Using the records below, write out again exactly the lines that begin at the line containing "Puma Other - Puma x Coogi California shoes" and end at the line containing "Parsian workshop, iron", and no other lines.

START THE DATA

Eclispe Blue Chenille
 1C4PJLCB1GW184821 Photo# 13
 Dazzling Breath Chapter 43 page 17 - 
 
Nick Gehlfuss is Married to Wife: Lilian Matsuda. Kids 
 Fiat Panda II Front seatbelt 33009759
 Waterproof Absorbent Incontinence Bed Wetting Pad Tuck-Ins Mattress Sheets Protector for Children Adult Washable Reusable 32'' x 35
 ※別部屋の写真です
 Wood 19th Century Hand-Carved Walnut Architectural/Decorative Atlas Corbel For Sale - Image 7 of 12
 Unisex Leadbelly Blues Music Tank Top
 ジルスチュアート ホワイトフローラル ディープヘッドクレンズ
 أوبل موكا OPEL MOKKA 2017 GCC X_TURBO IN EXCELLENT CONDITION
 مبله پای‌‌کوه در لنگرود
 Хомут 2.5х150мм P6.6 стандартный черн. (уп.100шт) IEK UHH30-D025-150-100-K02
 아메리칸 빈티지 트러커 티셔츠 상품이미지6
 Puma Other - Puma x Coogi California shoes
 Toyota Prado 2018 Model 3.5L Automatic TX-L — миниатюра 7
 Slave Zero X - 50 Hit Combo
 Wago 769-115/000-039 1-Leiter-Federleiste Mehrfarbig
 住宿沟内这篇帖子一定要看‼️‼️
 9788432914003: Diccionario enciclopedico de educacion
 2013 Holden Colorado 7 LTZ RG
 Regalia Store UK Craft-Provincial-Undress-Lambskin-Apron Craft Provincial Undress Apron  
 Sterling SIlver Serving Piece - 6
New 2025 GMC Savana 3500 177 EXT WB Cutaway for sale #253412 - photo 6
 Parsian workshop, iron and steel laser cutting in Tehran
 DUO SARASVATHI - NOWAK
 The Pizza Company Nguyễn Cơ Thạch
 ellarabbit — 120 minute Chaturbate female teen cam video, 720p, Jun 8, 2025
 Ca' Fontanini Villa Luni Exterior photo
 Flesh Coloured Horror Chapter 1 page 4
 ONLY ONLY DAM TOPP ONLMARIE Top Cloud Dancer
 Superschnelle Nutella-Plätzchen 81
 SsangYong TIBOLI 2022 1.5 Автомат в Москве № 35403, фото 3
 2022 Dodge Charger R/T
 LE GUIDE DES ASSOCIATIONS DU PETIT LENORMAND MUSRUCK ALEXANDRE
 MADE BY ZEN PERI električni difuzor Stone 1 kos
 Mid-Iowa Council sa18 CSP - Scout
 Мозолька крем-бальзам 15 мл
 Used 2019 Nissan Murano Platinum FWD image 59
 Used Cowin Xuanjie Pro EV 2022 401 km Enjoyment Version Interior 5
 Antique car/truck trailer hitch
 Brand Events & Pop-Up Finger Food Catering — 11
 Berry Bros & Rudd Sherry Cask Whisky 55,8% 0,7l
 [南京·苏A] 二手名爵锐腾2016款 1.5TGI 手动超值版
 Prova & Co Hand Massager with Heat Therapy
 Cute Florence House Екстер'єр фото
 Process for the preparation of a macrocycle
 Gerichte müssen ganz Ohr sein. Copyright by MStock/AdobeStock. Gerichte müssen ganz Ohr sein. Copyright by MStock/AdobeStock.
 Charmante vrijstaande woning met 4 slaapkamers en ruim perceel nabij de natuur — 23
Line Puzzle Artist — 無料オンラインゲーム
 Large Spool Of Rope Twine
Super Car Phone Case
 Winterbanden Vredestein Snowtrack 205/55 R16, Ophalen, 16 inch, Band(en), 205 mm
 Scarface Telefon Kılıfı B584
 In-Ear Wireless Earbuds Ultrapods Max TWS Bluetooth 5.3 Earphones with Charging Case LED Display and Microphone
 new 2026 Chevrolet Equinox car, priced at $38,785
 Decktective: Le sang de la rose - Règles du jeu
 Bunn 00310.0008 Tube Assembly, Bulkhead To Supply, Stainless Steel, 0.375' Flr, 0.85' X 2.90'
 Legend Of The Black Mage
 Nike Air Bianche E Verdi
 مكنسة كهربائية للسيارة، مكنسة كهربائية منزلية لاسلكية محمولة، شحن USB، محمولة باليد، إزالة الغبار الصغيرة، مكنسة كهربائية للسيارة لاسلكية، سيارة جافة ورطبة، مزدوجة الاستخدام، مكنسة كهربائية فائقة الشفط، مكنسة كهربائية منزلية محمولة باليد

END THE DATA

SOLVED PROBLEM:
 Puma Other - Puma x Coogi California shoes
 Toyota Prado 2018 Model 3.5L Automatic TX-L — миниатюра 7
 Slave Zero X - 50 Hit Combo
 Wago 769-115/000-039 1-Leiter-Federleiste Mehrfarbig
 住宿沟内这篇帖子一定要看‼️‼️
 9788432914003: Diccionario enciclopedico de educacion
 2013 Holden Colorado 7 LTZ RG
 Regalia Store UK Craft-Provincial-Undress-Lambskin-Apron Craft Provincial Undress Apron  
 Sterling SIlver Serving Piece - 6
New 2025 GMC Savana 3500 177 EXT WB Cutaway for sale #253412 - photo 6
 Parsian workshop, iron and steel laser cutting in Tehran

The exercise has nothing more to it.